Waste Matters

Worm Farming

WHAT IS WORM FARMING?

Worm farming is a simple way of converting food scraps and organic matter into a nutrient rich organic fertiliser called worm castings.
Worm farming not only helps to divert organic materials from landfill, but produces a valuable fertiliser that can be reused by plants.

WHAT CAN BE PLACED IN A WORM FARM?

• Tea leaves & tea bags
• Coffee grounds
• Crushed egg shells
• Most vegetable & fruit scraps
• Grass clippings (lightly sprinkled)
• Garden organics (non-woody)
• Paper & cardboard (shredded & pre-soaked in water)
• Hair clippings


WHAT CAN’T BE PLACED IN A WORM FARM?

• Animal droppings
• Meat products
• Fish
• Dairy products
• Glass
• Metal
• Nappies
• Citrus fruits/onion (or anything that smells too strong)


FIVE EASY STEPS TO WORM FARMING

1. Find a Site
Select a convenient, cool and shady spot in your garden for your worm farm. A worm farm can also be located on the balcony of your apartment. Make sure the worm farm is out of the sun – worms can’t tolerate hot conditions.

2. Find Housing
A variety of containers can be used to house your worms. A purpose designed worm farm with internal trays and a drainage system is the easiest to use. These are available from your local garden centre or hardware store. The best worm farms are ones where the worms have room to move; where there is a drainage system so that excess water can escape; and where you can remove the finished worm castings easily.

3. Worm Bedding
In all worm farms, a bedding layer of worm castings is needed to provide a ‘home’ for the worms to live in when they’re not feeding on food scraps. Place a few sheets of wet newspaper on the bottom of the tray and then cover it with about 5 centimetres of moist worm castings. You should be supplied with enough worm castings for the bottom of your tray when you purchase your worms. If not, you can add some pre-soaked peat or coconut fibre (coir).

4. Moving the Worms In
Worms are available from nurseries and hardware stores. Add the worms to your bedding, and place a pre-soaked newspaper or hessian bag to cover the surface. This helps to keep light out (which worms prefer!) and helps keep the bedding moist. Place the lid on the worm farm.
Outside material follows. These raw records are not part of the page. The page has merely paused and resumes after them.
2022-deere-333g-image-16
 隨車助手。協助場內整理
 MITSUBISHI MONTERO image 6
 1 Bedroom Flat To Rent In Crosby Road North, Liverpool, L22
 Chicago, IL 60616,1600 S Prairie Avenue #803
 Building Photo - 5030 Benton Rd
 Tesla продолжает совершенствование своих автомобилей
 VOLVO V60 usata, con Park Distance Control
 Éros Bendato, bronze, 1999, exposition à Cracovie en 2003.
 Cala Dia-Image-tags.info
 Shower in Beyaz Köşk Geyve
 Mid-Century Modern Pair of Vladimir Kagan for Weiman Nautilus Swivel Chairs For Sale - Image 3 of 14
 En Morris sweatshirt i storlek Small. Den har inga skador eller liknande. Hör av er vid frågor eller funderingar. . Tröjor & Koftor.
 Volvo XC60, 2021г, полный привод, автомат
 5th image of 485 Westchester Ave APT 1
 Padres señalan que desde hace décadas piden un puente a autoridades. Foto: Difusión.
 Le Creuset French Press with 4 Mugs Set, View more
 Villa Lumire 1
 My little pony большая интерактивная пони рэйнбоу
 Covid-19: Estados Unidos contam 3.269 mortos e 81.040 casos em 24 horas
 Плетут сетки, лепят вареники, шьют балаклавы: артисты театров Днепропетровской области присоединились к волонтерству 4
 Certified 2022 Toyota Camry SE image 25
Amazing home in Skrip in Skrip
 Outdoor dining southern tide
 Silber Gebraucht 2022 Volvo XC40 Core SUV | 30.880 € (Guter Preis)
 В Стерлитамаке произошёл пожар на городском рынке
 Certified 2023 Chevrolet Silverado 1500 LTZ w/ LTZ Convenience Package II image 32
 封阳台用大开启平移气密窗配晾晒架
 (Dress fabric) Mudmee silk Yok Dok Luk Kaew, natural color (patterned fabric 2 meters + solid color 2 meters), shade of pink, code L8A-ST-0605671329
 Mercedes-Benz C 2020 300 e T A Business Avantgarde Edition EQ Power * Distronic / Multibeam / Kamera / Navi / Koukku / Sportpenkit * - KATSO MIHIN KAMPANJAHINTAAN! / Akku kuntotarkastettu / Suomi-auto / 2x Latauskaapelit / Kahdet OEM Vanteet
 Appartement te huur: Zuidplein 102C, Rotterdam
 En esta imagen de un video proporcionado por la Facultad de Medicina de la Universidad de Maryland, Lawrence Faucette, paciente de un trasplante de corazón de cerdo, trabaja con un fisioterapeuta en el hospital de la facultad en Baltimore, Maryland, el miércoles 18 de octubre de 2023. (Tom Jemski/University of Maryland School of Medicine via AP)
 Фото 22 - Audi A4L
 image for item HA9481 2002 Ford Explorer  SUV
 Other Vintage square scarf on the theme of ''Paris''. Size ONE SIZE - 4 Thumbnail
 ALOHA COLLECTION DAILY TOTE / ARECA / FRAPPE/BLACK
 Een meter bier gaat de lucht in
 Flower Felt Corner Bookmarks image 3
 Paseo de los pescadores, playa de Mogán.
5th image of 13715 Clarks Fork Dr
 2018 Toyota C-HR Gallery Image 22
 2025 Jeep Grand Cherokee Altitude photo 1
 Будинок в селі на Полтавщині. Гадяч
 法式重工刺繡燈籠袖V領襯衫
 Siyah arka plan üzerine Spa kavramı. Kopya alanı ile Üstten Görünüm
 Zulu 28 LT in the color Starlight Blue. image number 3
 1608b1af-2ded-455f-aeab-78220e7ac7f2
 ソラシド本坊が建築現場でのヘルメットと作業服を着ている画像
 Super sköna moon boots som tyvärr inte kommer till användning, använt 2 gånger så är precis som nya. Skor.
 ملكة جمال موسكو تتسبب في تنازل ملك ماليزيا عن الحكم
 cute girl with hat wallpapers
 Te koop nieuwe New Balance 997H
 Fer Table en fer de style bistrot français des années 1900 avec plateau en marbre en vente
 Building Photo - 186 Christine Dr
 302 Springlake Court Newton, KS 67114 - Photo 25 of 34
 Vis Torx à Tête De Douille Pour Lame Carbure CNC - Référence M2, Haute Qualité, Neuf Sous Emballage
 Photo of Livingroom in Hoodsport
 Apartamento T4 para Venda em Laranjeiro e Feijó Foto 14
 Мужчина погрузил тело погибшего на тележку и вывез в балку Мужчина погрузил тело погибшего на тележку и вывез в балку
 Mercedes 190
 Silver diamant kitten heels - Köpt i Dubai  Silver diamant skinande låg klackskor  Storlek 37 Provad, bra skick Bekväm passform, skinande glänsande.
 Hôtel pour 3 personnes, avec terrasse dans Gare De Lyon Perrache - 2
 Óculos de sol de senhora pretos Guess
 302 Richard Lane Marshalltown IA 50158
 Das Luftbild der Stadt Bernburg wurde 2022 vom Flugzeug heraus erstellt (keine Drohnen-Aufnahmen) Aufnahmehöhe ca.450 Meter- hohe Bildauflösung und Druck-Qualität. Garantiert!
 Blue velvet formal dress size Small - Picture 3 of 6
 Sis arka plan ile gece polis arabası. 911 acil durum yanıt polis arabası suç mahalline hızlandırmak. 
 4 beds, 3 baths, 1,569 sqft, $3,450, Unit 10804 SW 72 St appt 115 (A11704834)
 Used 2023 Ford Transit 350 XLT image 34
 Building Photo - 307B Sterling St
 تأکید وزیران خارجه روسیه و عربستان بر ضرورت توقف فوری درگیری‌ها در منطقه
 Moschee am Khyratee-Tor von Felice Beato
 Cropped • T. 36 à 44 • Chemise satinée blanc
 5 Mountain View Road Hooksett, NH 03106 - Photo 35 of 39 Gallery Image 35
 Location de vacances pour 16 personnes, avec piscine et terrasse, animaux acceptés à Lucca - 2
The most suitable worm species for farms include the Red Worm, Tiger Worm and the Red Tiger Worm. Ordinary garden variety worms do not survive well in worm farms.

5. The First Meal
Chop the organic matter into small pieces. Pull back the newspaper or hessian layer and spread a thin layer of chopped fruit and vegetables (not citrus or onion) onto the bedding surface. Ensure that the newspaper or hessian is placed back and the lid is positioned on top of the worm farm.

Check to see if the food has been consumed after about a week, and if so, add more food scraps or organic matter. Be careful not to overfeed your worms.

 

MONITOR AND MAINTAIN!

Monitor conditions in your farm at least once a week to ensure the worms are in good condition. Check the following when adding more material to the worm farm:
• Leachate: Worm juice or leachate can accumulate at the bottom of the farm, and it is a good environment for pest breeding. Make sure this is emptied regularly.
• Worm condition: Using a small garden fork, gently dig into the surface layer and there should be plenty of worms consuming the above raw material.
• Depth of bedding: When the bedding or worm castings build up over time (more than 20 centimetres deep), finished worm castings should be removed and a new tray started.


HARVESTING WORM CASTINGS

After several months, worms need to be separated from their castings which have built up in the worm farm. To prepare for harvesting, do not add new food for two weeks.

The easiest way of separating worms from castings is by using light. Remove the finished material from the worm farm and spread it onto a surface. Worms will quickly burrow downwards, allowing the surface material to be removed. After repeating this operation a thin layer of material remains containing all of the worms which should be added to the new bedding with a fresh supply of food. This leaves a harvest of worm castings. The castings should be stored for a week or two before being used as a fertiliser.
 

TROUBLESHOOTING GUIDE

Pests
Problem: Too much raw food added.
Solution: Ensure worms have consumed most material before adding more


Worm farm smells
Problem: Too much food, not enough air due to excess moisture, feeding with wrong foods or worms have died due to very hot conditions
Solution: Reduce amount of food added. Mix in some shredded cardboard or paper into surface. Remove any meat or fats. Put farm in cool position and start the process again


Worms trying to escape
Problem: Not enough food, too dry, too wet or too hot.
Solution: Add more food; moisten bedding, mix in some shredded cardboard or paper to absorb moisture, move farm to a cooler location


Worms dying
Problem: Too hot or too dry.
Solution: Move farm to cooler location; add water and moist food material.